L’attività  continua ancora ma a scartamento così ridotto che, se non si corre ai ripari, il rischio è la morte per consunzione. Le cifre parlano chiaro: 6.000 addetti nel 1990, precipitati a 2000 nel 2001. Oggi siamo sotto il migliaio. Lo scorso dicembre, in occasione di uno sciopero proclamato dalla Filctem Cgil, hanno aderito 70 operai su 100. La radiografia della crisi indica che le vendite sono in calo costante. Tendenza contraddetta soltanto da qualche attività  innovativa. Da anni, inoltre, si fanno i conti con il fenomeno della contraffazione. I cinesi, infatti, hanno imparato a lavorare il vetro, complici i veneziani, allettati dai bassi costi. In sostanza, molti negozi di Murano si riforniscono a Oriente e, poi, svendono il prodotto, svalutandolo. «Alcune operazioni contro i contraffattori sono state efficaci — osserva Diego Ferro, presidente di Confindustria Venezia, per la sezione del vetro —. Ma ci vuole incisività , comminando sanzioni esemplari. Di più: artigiani e imprenditori debbono stare uniti, fare rete, difendere il marchio». 

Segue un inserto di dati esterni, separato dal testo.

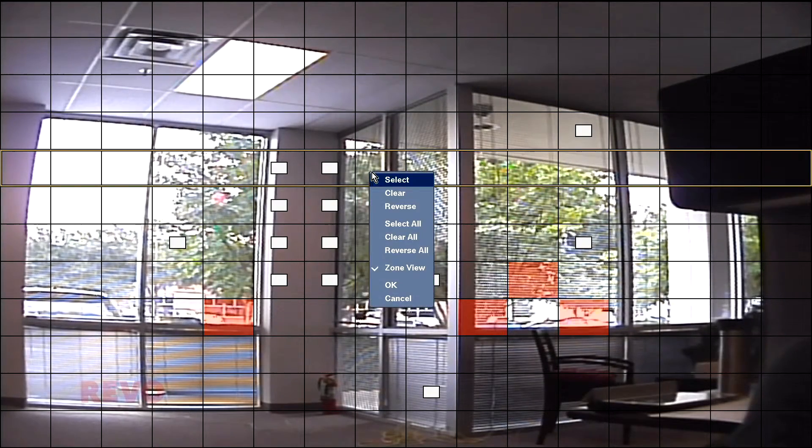Clicking the Zone setting will bring up an array of blocks overlaid onto the camera's live view. Use the left mouse button to select or clear individual motion blocks. Motion will be checked only in the selected blocks. Clear the blocks where motion should be ignored. Right-click the mouse and select OK when finished.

Se i mercati vacillano, per salvare la produzione e l’immagine bisogna puntare sulla qualità : meno pezzi, ma di pregio. Ferro racconta del coinvolgimento di artisti internazionali come nuova fonte di rivitalizzazione. Così, l’isola potrebbe diventare vetrina mondiale. La sua azienda — spiega — ha già  prodotto alcune opere su disegno e commissione di artisti americani e cinesi, poi esposte in importanti gallerie. Forse è un sogno: Murano, laboratorio contemporaneo di cultura artistica. Attraverso progetti seri, credibili. «Sono d’accordo — afferma Giorgio Orsoni, sindaco di Venezia, ricordando un’iniziativa da lui promossa, una decina di anni fa, quand’era assessore —. Su richiesta del governo di Danimarca, il comune cedette un’ala di un edificio in disuso, individuato sull’isola di San Michele, di fronte a Murano. I danesi si occuparono dei restauri e lì furono accolti gli artisti di quel Paese. Qualche cosa di analogo può essere recepito nel nostro progetto (ospitalità  per artisti e studiosi del vetro), finalizzato alla rinascita complessiva dell’isola». 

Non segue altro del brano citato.